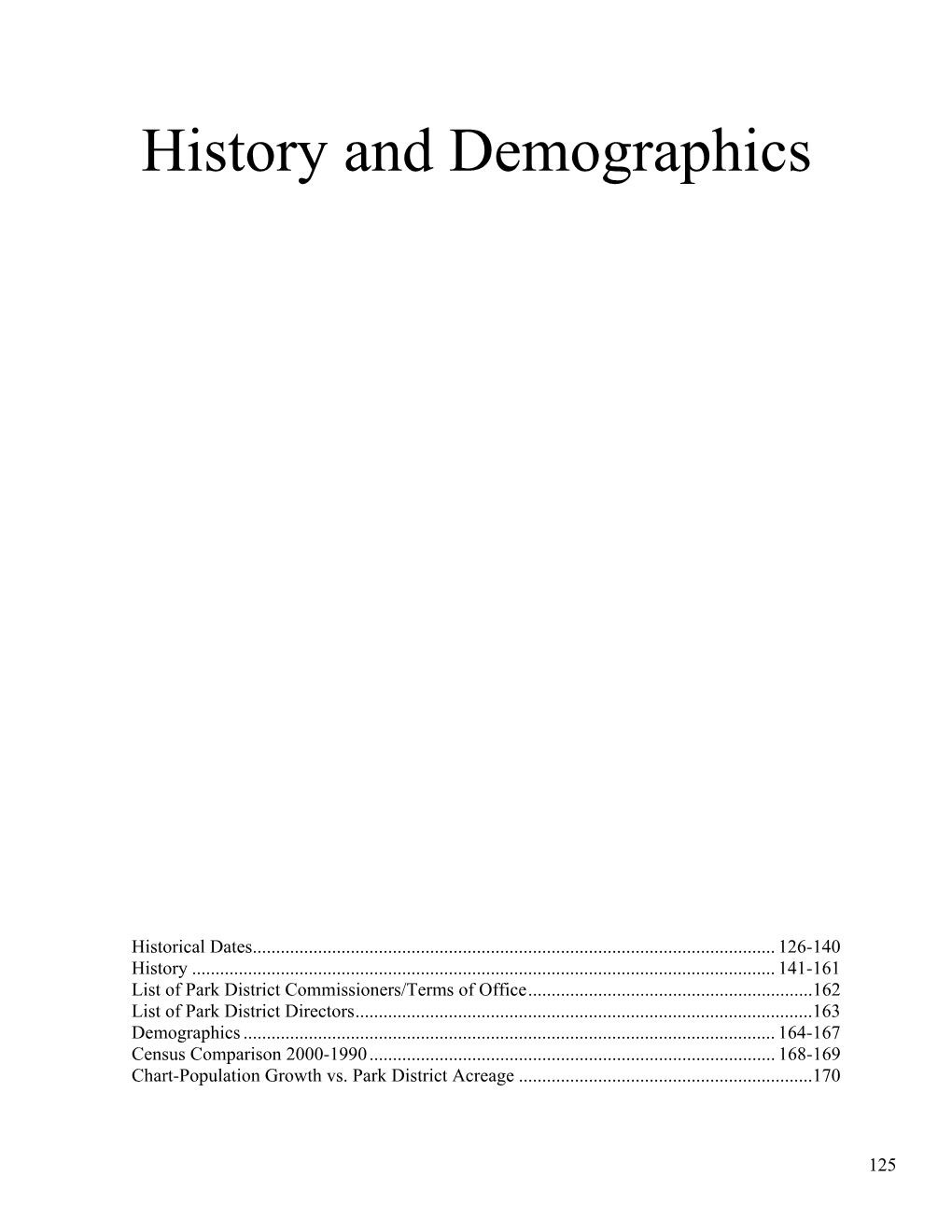 History and Demographics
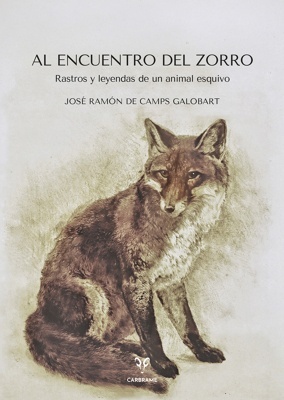 Al encuentro del zorro 'Rastros y leyendas de un animal esquivo'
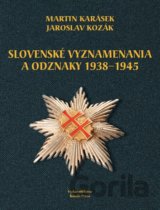 Slovenské vyznamenania a čestné odznaky 1938 - 1945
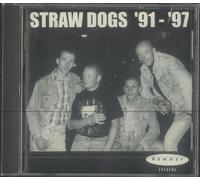Straw Dogs - '91 to '97 and 8 Unreleased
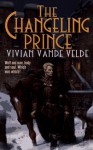 Changeling Prince - Vivian Vande Velde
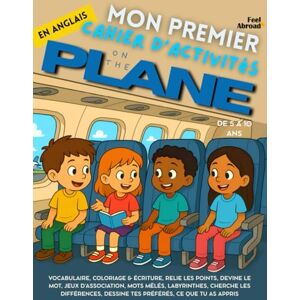 Abroad, Feel Mon Premier Cahier d’Activités en Anglais: Dans l’Avion – Jeux de vocabulaire, points à relier, orthographe, coloriages & puzzles Apprentissage ... 5–10 ans – Convient aux anglophones et non-) Abroad, Feel Mon Premier Cahier d’Activités en Anglais: Dans l’Avion – Jeux de vocabulaire, points à relier, orthographe, coloriages & puzzles Apprentissage ... 5–10 ans – Convient aux anglophones et non-)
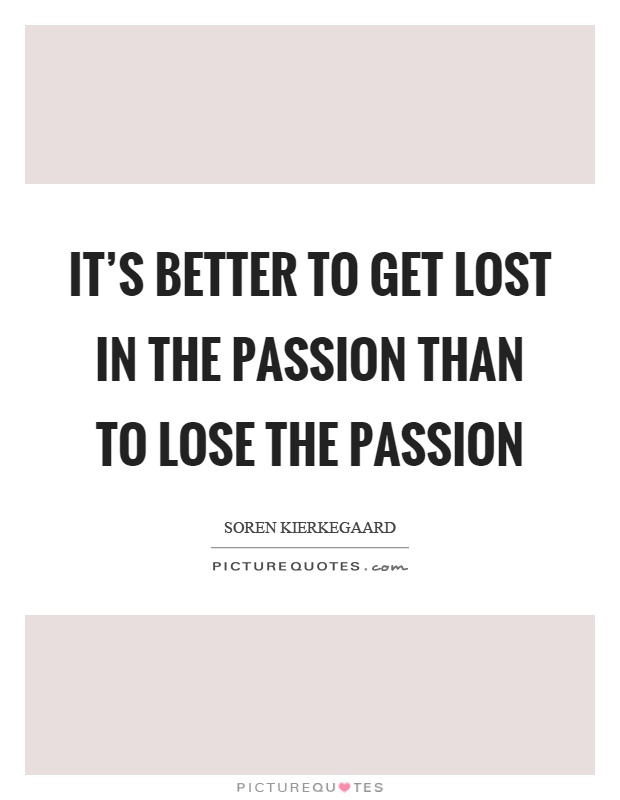 It's better to get lost in the passion than to lose the passion Picture Quote #1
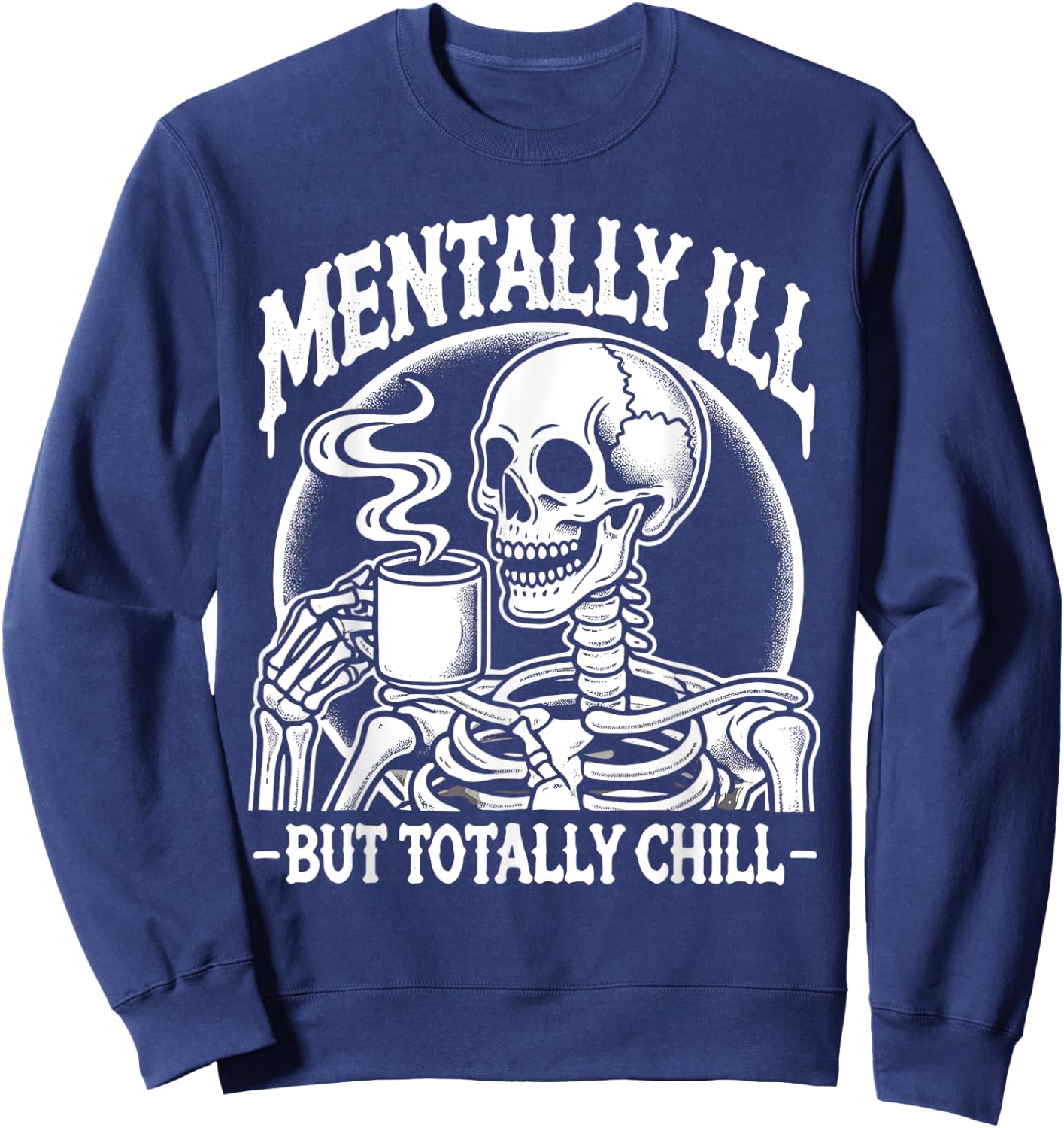Mentally Ill But Totally Chill Halloween Costume Skeleton Sweatshirt - Sweatshirt | Navy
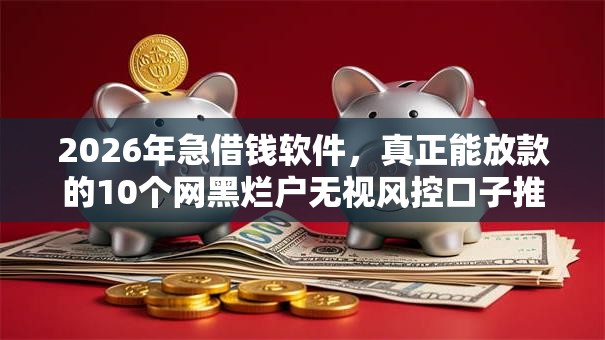 2026年急借钱软件，真正能放款的10个网黑烂户无视风控口子推荐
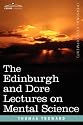 The Edinburgh and Dore Lectures on Mental Science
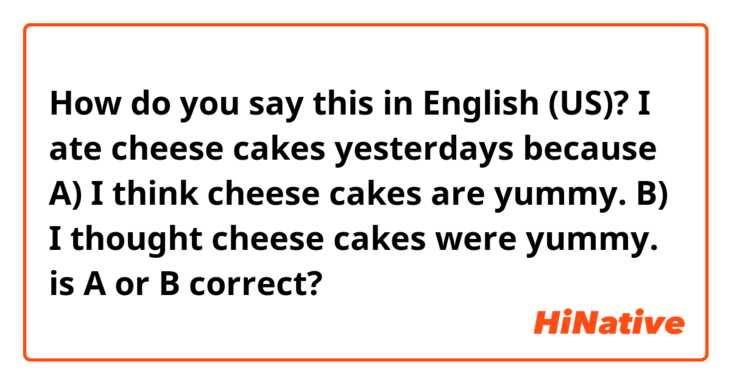 How do you say this in English (US)? I ate cheese cakes yesterdays because
A) I think cheese cakes are yummy.
B) I thought cheese cakes were yummy.
is A or B correct?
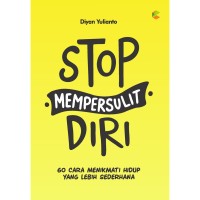 Image of Stop Mempersulit diri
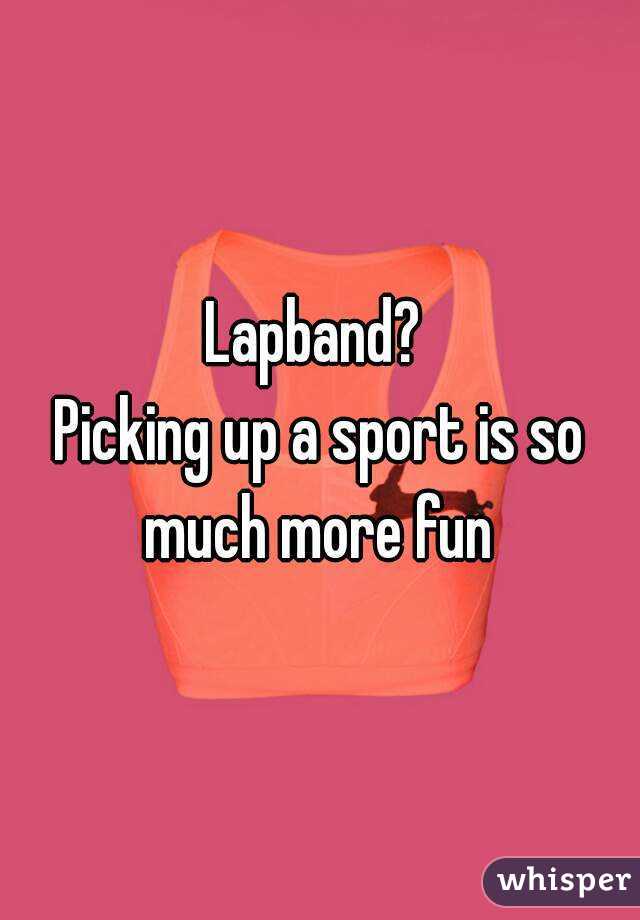Lapband? 
Picking up a sport is so much more fun 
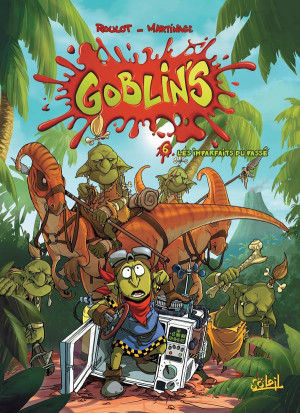 Soleil Goblin's tome 6 - les imparfaits du passé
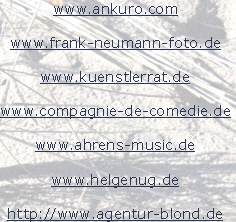 www.ankuro.com

www.frank-neumann-foto.de

www.kuenstlerrat.de

www.compagnie-de-comedie.de

www.ahrens-music.de

www.helgenug.de

http://www.agentur-blond.de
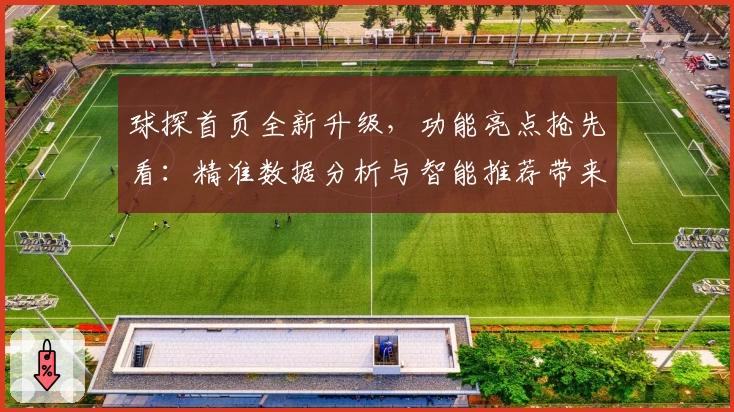 球探首页全新升级，功能亮点抢先看：精准数据分析与智能推荐带来更佳体验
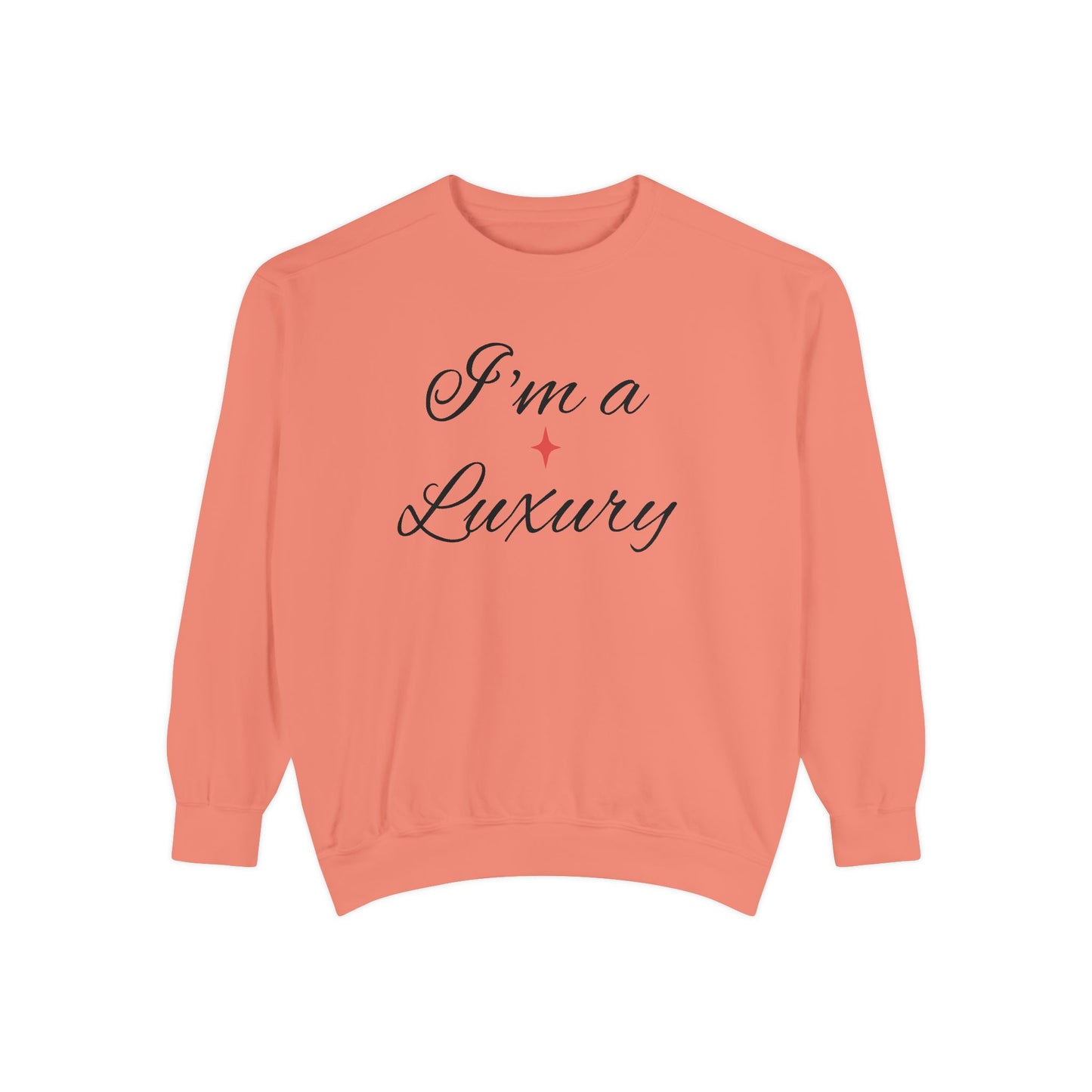 "I'm a Luxury" Script Sweatshirt — Luxury Script Pullover
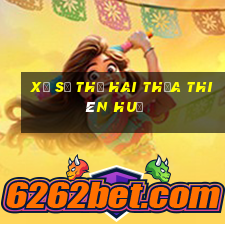 xổ số thứ hai thừa thiên huế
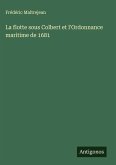 La flotte sous Colbert et l'Ordonnance maritime de 1681 La flotte sous Colbert et l'Ordonnance maritime de 1681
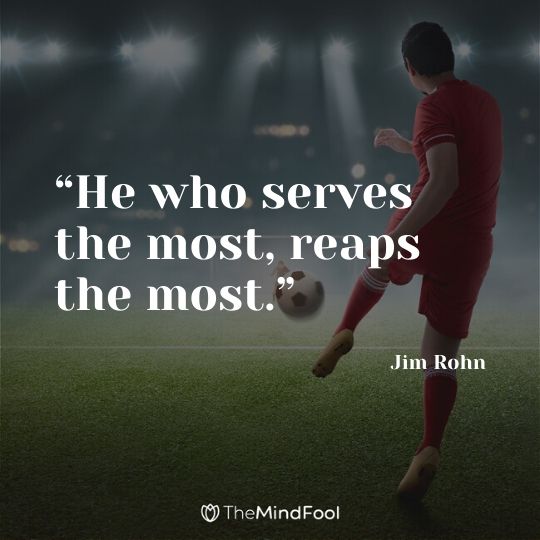 “He who serves the most, reaps the most.” - Jim Rohn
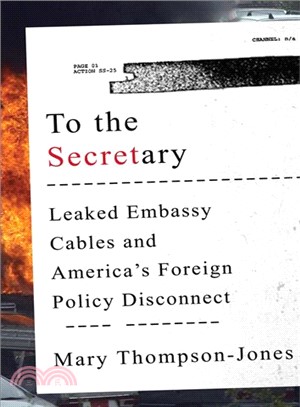 To the Secretary ─ Leaked Embassy Cables and America's Foreign Policy Disconnect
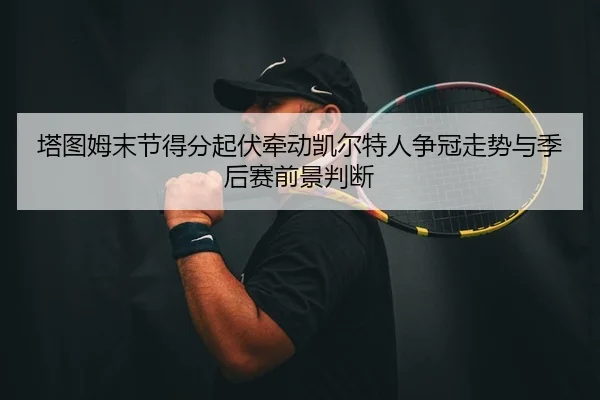 塔图姆末节得分起伏牵动凯尔特人争冠走势与季后赛前景判断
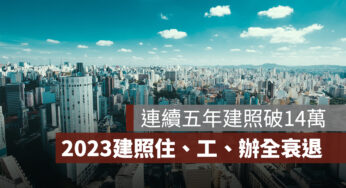 信義房屋：2023 建照「住、工、辦」全衰退，住宅連續五年建照突破 14 萬戶
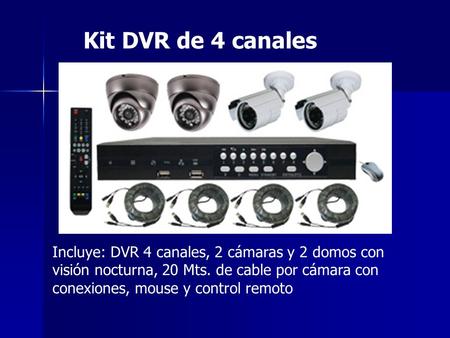 Kit DVR de 4 canales Incluye: DVR 4 canales, 2 cámaras y 2 domos con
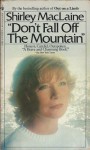 Don't Fall Off the Mountain - Shirley Maclaine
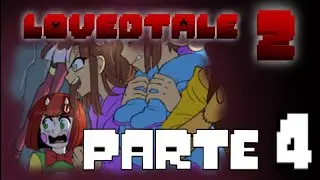 LOVEDTALE 2 (Película) - PARTE 4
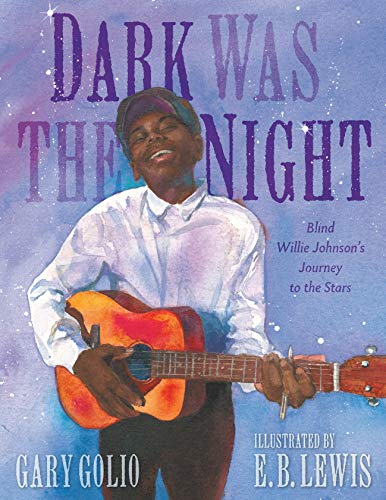 Dark Was the Night: Blind Willie Johnson's Journey to the Stars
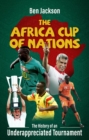 Image for The Africa Cup of Nations : The History of an Underappreciated Tournament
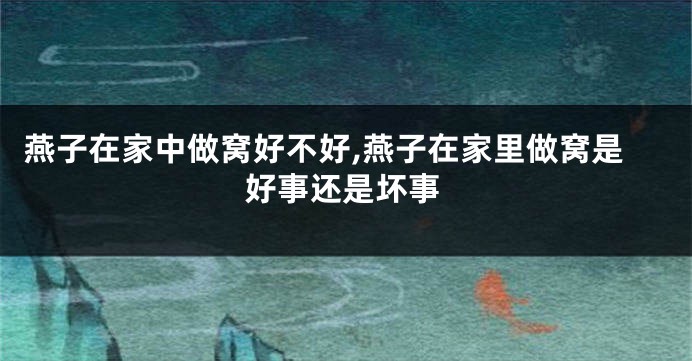 燕子在家中做窝好不好,燕子在家里做窝是好事还是坏事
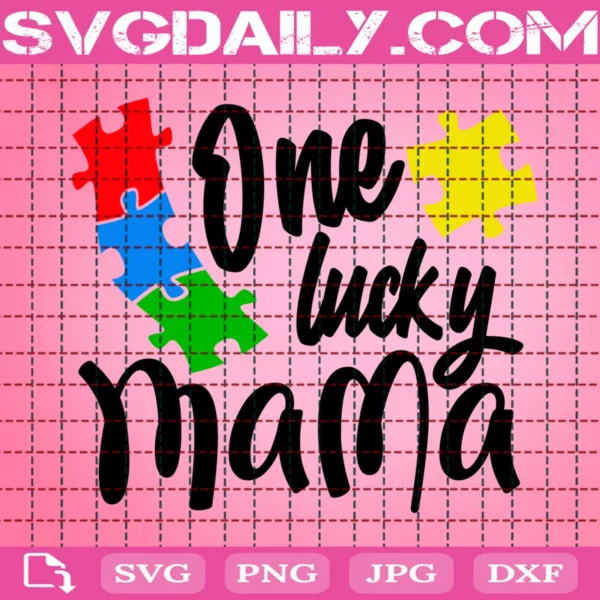 One Lucky Mama Svg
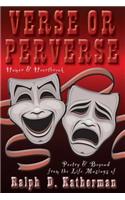 Verse or Perverse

• • • • •

### Exercise instructions
Start with the line above containing "The Edinburgh and" and end with the line containing "球探首页全新升级，功能亮点抢先看：精准数据分析与智能推荐带来更佳体验". Set down that stretch exactly, without any pictures.

### Result
 The Edinburgh and Dore Lectures on Mental Science
 How do you say this in English (US)? I ate cheese cakes yesterdays because
A) I think cheese cakes are yummy.
B) I thought cheese cakes were yummy.
is A or B correct?
 Image of Stop Mempersulit diri
Lapband? 
Picking up a sport is so much more fun 
 Soleil Goblin's tome 6 - les imparfaits du passé
 www.ankuro.com

www.frank-neumann-foto.de

www.kuenstlerrat.de

www.compagnie-de-comedie.de

www.ahrens-music.de

www.helgenug.de

http://www.agentur-blond.de
 球探首页全新升级，功能亮点抢先看：精准数据分析与智能推荐带来更佳体验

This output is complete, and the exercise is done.